● To do
Transcribe exactly, and only, the lines that run from the one containing "this 250×188 image." through the end of the records.

(Material for this exercise)

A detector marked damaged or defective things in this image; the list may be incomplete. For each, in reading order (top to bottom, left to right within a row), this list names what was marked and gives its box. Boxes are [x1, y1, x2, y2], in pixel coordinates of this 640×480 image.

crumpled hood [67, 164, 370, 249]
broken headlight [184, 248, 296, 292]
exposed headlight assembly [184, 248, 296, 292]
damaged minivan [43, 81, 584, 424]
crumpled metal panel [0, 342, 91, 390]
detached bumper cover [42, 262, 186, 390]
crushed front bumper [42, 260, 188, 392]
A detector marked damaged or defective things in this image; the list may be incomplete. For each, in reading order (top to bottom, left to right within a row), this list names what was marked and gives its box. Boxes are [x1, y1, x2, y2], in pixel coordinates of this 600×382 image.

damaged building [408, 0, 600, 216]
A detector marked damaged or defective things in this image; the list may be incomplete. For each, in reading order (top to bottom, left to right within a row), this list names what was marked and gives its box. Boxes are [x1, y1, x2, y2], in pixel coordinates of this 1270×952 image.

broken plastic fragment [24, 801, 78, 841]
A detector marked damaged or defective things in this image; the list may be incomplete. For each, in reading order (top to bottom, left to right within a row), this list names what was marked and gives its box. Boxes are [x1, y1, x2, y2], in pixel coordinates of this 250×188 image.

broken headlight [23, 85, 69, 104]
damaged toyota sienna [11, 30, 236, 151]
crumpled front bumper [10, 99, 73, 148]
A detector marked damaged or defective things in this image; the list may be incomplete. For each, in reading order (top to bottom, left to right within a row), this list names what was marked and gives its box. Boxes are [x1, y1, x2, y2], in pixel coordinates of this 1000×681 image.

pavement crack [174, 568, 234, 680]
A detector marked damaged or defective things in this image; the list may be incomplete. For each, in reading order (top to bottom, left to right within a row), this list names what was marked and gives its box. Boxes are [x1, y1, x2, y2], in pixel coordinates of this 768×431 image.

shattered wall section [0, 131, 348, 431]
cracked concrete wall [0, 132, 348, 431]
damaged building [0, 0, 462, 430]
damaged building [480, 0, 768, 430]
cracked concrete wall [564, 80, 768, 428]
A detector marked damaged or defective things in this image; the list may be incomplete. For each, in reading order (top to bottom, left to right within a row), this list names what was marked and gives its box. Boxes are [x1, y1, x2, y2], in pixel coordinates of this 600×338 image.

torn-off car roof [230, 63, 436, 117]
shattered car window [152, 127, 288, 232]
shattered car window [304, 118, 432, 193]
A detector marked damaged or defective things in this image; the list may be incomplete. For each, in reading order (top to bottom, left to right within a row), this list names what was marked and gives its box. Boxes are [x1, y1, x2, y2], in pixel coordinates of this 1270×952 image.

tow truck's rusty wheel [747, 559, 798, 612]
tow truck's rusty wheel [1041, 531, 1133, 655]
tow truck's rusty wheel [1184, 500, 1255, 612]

(End Material for this exercise)

● Answer to this problem
A detector marked damaged or defective things in this image; the list may be incomplete. For each, in reading order (top to bottom, left to right within a row), this list names what was marked and gives its box. Boxes are [x1, y1, x2, y2], in pixel coordinates of this 250×188 image.

broken headlight [23, 85, 69, 104]
damaged toyota sienna [11, 30, 236, 151]
crumpled front bumper [10, 99, 73, 148]
A detector marked damaged or defective things in this image; the list may be incomplete. For each, in reading order (top to bottom, left to right within a row), this list names what was marked and gives its box. Boxes are [x1, y1, x2, y2], in pixel coordinates of this 1000×681 image.

pavement crack [174, 568, 234, 680]
A detector marked damaged or defective things in this image; the list may be incomplete. For each, in reading order (top to bottom, left to right within a row), this list names what was marked and gives its box. Boxes are [x1, y1, x2, y2], in pixel coordinates of this 768×431 image.

shattered wall section [0, 131, 348, 431]
cracked concrete wall [0, 132, 348, 431]
damaged building [0, 0, 462, 430]
damaged building [480, 0, 768, 430]
cracked concrete wall [564, 80, 768, 428]
A detector marked damaged or defective things in this image; the list may be incomplete. For each, in reading order (top to bottom, left to right within a row), this list names what was marked and gives its box. Boxes are [x1, y1, x2, y2], in pixel coordinates of this 600×338 image.

torn-off car roof [230, 63, 436, 117]
shattered car window [152, 127, 288, 232]
shattered car window [304, 118, 432, 193]
A detector marked damaged or defective things in this image; the list may be incomplete. For each, in reading order (top to bottom, left to right within a row), this list names what was marked and gives its box. Boxes are [x1, y1, x2, y2], in pixel coordinates of this 1270×952 image.

tow truck's rusty wheel [747, 559, 798, 612]
tow truck's rusty wheel [1041, 531, 1133, 655]
tow truck's rusty wheel [1184, 500, 1255, 612]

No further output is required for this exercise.